# [Data excerpt]
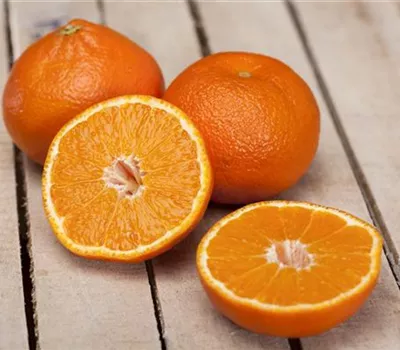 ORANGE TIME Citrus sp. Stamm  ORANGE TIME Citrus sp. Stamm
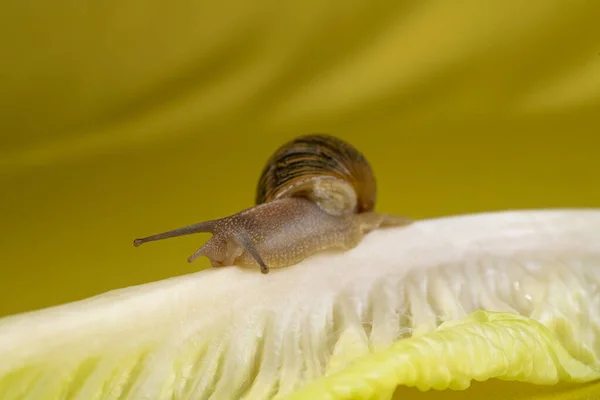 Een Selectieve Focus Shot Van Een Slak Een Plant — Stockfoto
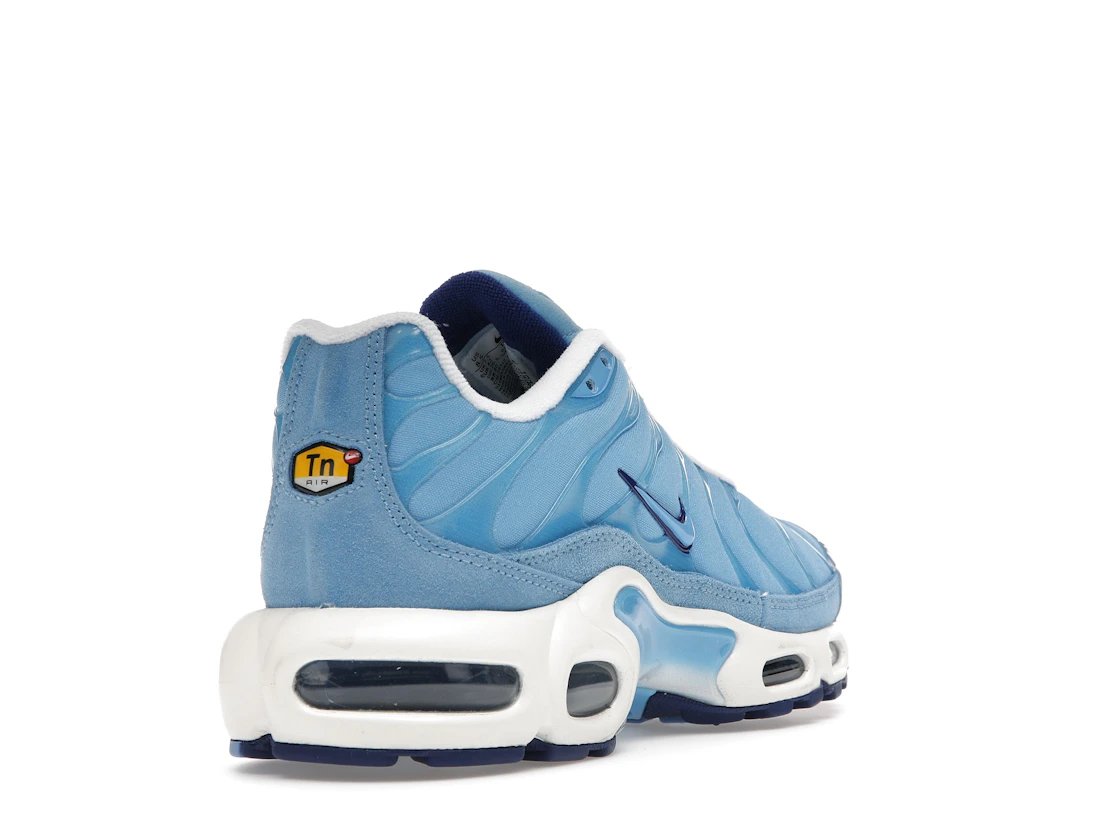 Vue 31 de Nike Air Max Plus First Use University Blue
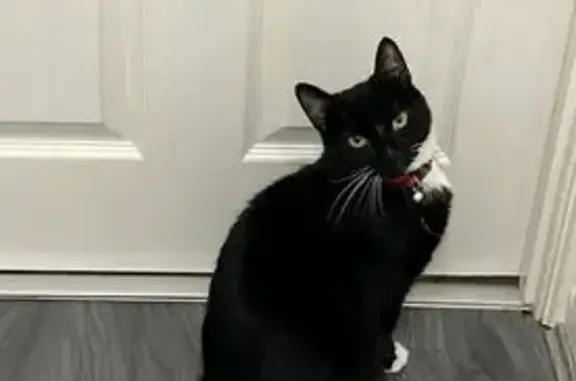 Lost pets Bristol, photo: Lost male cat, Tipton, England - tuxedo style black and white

# [What you should do]
Quote the material above exactly, from the line holding "Een Selectieve Focus" through its last line, including both. Omit the pictures.

# [Solved problem]
 Een Selectieve Focus Shot Van Een Slak Een Plant — Stockfoto
 Vue 31 de Nike Air Max Plus First Use University Blue
 Lost pets Bristol, photo: Lost male cat, Tipton, England - tuxedo style black and white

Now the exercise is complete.